“Well, Martha has come with news.” Sadie clapped her hands together with so much glee that it caused her husband to grin too.
Martha cleared her throat and tugged on the bow tied around her neck. “I was going to save it for later, but since we are all here…”She raised her voice over the piano improv of the album playing from the next room. “Rita, we’ve reviewed your application for admission to Penn Law.”
Penn Law? Rita had mentioned to Ozzie that she was applying to Temple and Drexel. University of Pennsylvania was Ivy League. He could barely afford to send her money for Lincoln.
“I am pleased to say that we are extending to you our very first Sadie Tanner Mossell Alexander Scholarship, named for yours truly.” Martha pointed at Sadie, who stood beaming. “The scholarship will cover your full tuition and books.”
“What?” Rita brought her hands to her mouth. Then her bottom lip started to tremble. “This can’t be happening.”
“You’ve earned it.” Martha grinned.
“Oh, my.” Rita reached for Ozzie’s hand to help steady herself. Ozzie stood, just as stunned. His wife was going to Penn Law. She was going to become the lawyer she had always dreamed of being, and at one of the premier schools in the country. Suddenly, it felt like the collar of his white shirt was too tight on his neck.

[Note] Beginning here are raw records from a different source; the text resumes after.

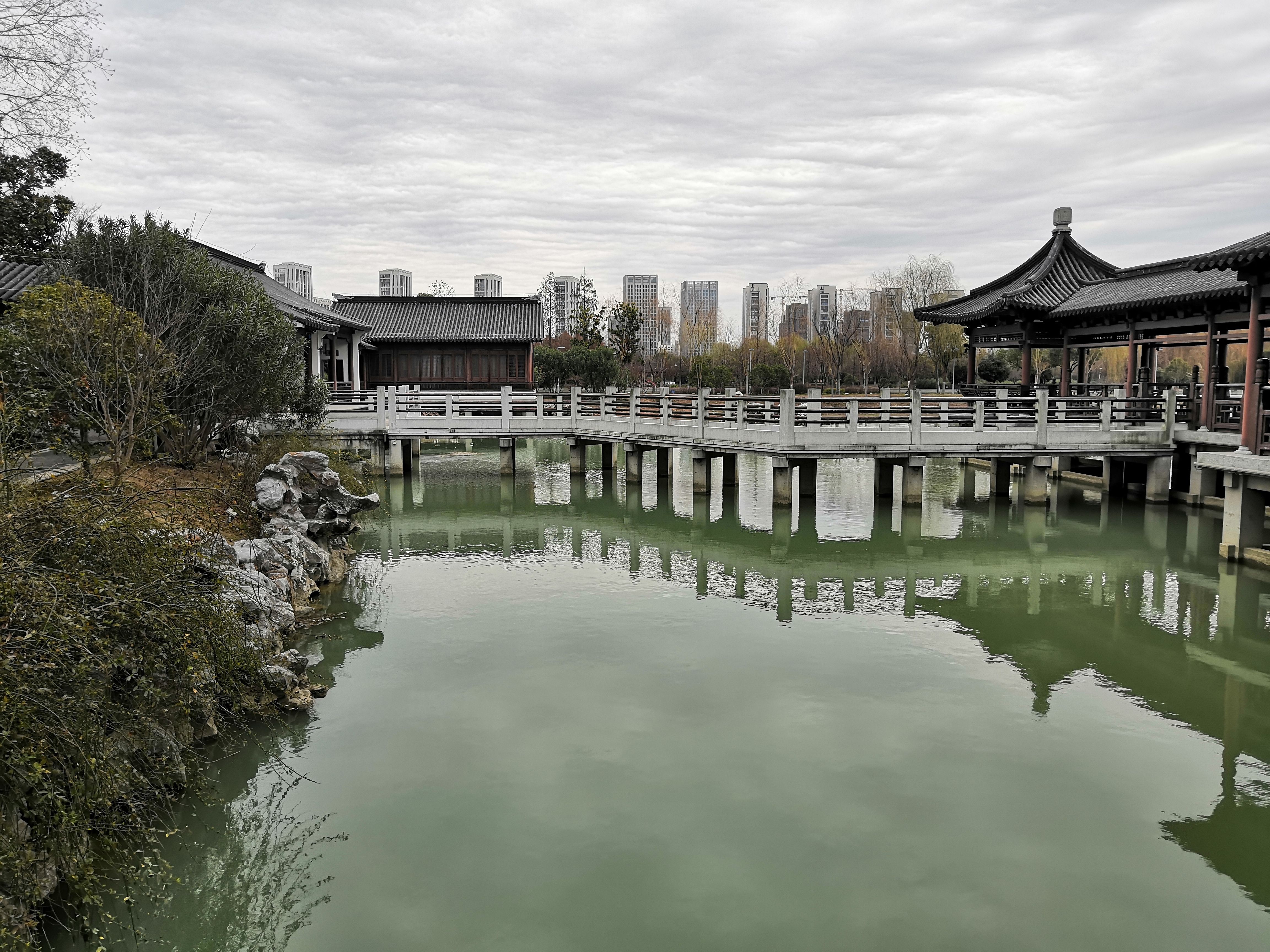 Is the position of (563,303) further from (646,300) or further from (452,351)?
(452,351)

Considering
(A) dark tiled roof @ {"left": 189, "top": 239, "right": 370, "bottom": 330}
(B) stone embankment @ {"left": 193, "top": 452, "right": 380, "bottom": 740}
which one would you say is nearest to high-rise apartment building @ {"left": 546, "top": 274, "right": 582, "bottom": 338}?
(A) dark tiled roof @ {"left": 189, "top": 239, "right": 370, "bottom": 330}

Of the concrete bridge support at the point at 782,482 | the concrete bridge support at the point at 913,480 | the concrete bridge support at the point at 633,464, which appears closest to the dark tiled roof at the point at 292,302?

“I knew well that the only way I could get that door open was to knock it down. Now it’s your turn,” Sadie said, pushing her gold-rimmed glasses up her nose.

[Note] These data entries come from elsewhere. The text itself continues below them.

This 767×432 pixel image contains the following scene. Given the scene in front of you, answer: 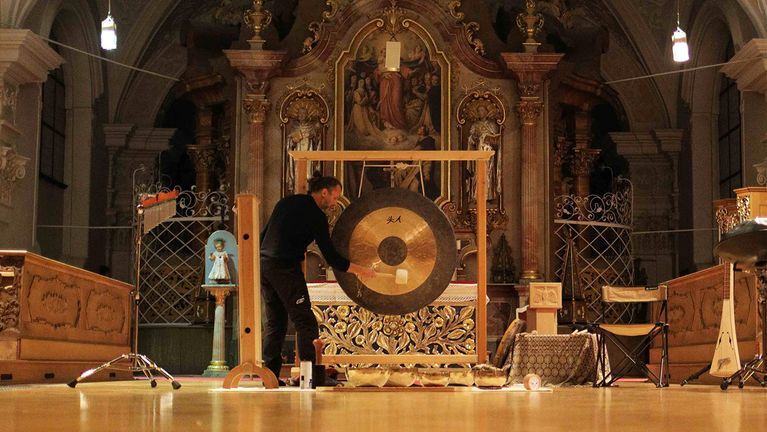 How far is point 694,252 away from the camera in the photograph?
60.5 ft

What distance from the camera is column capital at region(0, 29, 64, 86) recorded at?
47.1 ft

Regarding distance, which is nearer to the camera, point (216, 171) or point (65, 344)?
point (65, 344)

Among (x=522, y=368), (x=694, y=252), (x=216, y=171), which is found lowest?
(x=522, y=368)

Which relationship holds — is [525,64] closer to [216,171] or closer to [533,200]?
[533,200]

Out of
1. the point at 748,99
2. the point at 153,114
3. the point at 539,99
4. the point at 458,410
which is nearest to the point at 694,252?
the point at 748,99

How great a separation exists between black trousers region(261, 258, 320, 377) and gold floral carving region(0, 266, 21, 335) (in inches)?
100

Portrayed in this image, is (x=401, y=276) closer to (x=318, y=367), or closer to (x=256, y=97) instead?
(x=318, y=367)

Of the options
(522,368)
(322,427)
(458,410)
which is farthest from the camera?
(522,368)

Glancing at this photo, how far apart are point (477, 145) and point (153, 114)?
6.93 metres

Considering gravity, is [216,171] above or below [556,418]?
above

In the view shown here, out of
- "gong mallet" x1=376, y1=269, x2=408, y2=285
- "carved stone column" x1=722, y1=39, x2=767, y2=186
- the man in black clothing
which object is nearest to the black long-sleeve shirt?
the man in black clothing

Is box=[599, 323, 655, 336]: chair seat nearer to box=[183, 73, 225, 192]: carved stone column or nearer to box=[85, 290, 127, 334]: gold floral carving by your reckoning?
box=[85, 290, 127, 334]: gold floral carving

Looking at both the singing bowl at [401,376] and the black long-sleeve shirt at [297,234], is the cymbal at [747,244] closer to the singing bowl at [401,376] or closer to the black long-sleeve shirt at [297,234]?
the singing bowl at [401,376]

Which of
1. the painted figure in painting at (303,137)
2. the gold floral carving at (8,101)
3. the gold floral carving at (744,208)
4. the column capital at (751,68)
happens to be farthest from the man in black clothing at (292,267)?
the column capital at (751,68) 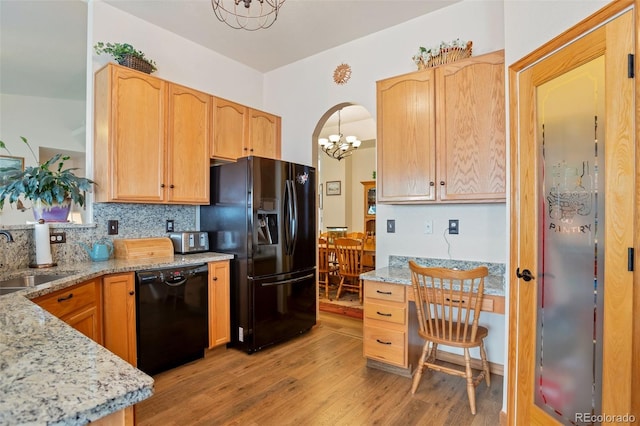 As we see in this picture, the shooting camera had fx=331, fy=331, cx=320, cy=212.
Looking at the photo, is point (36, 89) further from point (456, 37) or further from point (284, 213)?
point (456, 37)

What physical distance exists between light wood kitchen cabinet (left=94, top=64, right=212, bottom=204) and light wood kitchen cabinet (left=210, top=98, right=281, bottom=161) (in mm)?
137

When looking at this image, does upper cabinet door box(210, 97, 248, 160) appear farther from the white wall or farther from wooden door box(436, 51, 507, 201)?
wooden door box(436, 51, 507, 201)

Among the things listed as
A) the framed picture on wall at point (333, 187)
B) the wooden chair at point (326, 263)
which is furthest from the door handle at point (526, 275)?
the framed picture on wall at point (333, 187)

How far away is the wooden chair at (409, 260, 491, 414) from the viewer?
6.91 ft

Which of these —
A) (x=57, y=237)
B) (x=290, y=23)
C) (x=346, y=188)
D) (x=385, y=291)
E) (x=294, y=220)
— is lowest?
(x=385, y=291)

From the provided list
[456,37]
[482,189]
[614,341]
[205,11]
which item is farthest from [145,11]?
[614,341]

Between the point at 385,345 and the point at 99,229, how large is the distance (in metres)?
2.54

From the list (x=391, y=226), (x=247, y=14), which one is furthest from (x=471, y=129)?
(x=247, y=14)

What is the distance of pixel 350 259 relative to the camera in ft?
15.6

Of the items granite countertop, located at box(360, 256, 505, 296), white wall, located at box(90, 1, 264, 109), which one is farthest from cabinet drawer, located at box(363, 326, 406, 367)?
white wall, located at box(90, 1, 264, 109)

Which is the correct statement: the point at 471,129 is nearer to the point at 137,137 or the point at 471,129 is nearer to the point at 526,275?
the point at 526,275

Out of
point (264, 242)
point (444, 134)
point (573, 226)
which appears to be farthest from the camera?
point (264, 242)

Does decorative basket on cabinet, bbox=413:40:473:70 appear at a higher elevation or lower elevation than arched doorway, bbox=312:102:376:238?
higher

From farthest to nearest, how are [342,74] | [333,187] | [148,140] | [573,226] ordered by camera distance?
1. [333,187]
2. [342,74]
3. [148,140]
4. [573,226] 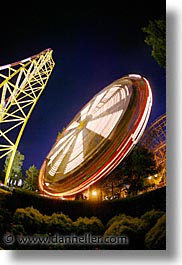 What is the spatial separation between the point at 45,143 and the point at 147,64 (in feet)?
2.06

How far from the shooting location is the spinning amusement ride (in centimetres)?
226

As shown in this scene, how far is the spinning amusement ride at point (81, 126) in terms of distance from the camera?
2.26m

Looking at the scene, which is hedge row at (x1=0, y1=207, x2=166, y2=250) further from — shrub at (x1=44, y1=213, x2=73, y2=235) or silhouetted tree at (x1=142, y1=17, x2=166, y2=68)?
silhouetted tree at (x1=142, y1=17, x2=166, y2=68)

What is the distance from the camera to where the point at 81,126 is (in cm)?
231

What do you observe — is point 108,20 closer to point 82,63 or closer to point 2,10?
point 82,63

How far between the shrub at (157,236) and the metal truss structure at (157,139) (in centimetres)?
27

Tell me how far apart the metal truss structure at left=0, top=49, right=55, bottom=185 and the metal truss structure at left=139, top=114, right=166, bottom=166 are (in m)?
0.57

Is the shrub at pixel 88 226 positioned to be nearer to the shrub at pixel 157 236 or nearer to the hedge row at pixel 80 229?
the hedge row at pixel 80 229

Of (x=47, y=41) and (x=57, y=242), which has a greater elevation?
(x=47, y=41)

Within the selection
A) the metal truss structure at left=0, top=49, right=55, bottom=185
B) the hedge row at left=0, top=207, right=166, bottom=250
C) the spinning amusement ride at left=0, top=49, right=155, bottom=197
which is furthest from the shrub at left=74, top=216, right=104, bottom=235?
the metal truss structure at left=0, top=49, right=55, bottom=185

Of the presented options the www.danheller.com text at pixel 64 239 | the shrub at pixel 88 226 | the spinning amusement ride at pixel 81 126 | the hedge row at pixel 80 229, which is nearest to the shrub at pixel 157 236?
the hedge row at pixel 80 229

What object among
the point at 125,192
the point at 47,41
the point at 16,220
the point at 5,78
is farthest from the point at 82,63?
the point at 16,220

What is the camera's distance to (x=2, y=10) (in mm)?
2395

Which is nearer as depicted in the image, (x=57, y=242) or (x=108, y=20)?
(x=57, y=242) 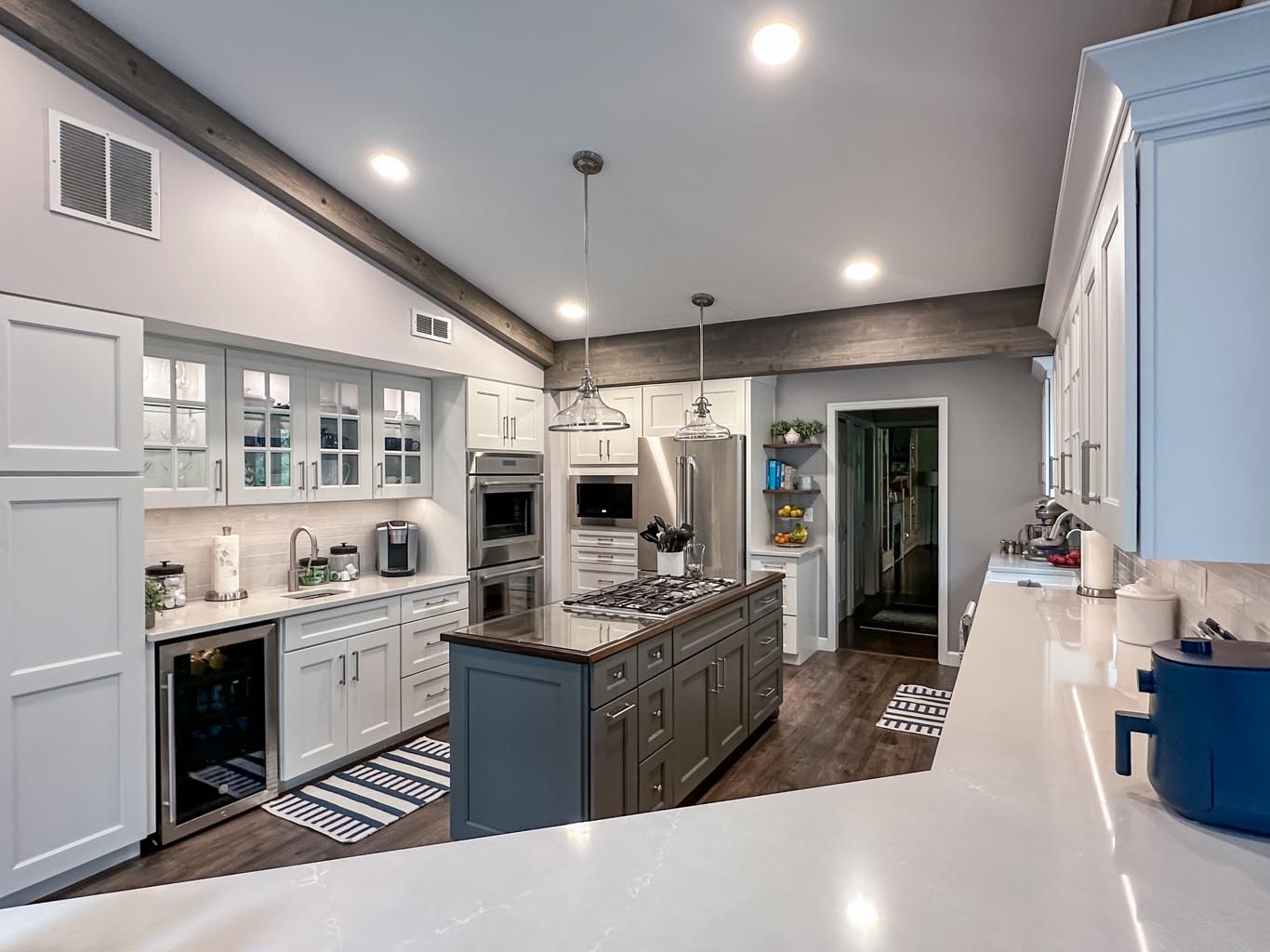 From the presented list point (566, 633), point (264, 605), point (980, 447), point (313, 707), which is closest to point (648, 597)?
point (566, 633)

“Thank you, thank you.” Rita embraced Sadie, and they rocked.
Martha touched Rita’s elbow. “I’m committed to helping deserving Negro students like you have the opportunity to break through these bullshit ceilings. This scholarship, named after our first Negro woman to graduate Penn Law, is just the beginning.”
“Well, this causes for a toast,” Raymond said, flagging down the woman with the tray of drinks.
Yes, a drink,Ozzie thought. He needed something to slow down the thumping in his chest.
“To Rita becoming one of the finest lawyers this city has ever seen.” Raymond held up his glass. They all drank to that.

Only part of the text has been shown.